The best way to protect your wireless network is through encryption. Use WPA (Wi-Fi Protected Access) for your encryption setting. All new wireless routers support this standard. You'll typically see this setting as WPA-PSK (pre-shared key). You'll be prompted to enter a passphrase of eight to 63 characters--letters, numbers and symbols. The router will use your passphrase to build an encryption key. WPA is the latest and safest version of encryption. The only weak point of WPA is your passphrase. So make it as strong as possible. Here are some tips:

Now your router is switched to use WPA encryption. But your computers don't yet know what you've done. You'll have to update them with the new setup. Here's what to do for each computer you've got on the network. For Windows XP follow these steps.

Click Start>>Control Panel. Double-click Network Connections. Right-click Wireless Network Connection. Select Properties from the pop-up menu. Select the Wireless Networks tab. Under "Preferred networks," click the Add button. In the box labeled "Network name (SSID)," enter your network's name.

Under Network Authentication, select WPA-PSK. Under "Data encryption," select TKIP. Under "Network key," enter the same passphrase you used for your router. You'll have to enter it twice to confirm it. Then make sure that the checkbox labeled "The key is provided for me automatically" is not marked. Finally, click OK>>OK.

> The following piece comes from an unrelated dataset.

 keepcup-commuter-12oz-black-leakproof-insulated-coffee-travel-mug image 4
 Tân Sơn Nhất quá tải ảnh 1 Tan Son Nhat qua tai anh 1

Windows 98 and Me do not have built-in wireless networking. All of the wireless configurations options are provided by your wireless adapter software. Just make all the previously discussed configuration settings with your wireless adapter's software.

Wireless Networking 

And that's all there is to it. Encryption makes your network a less attractive target for hackers. And if your neighbors were using your Internet service, they've just lost their connection.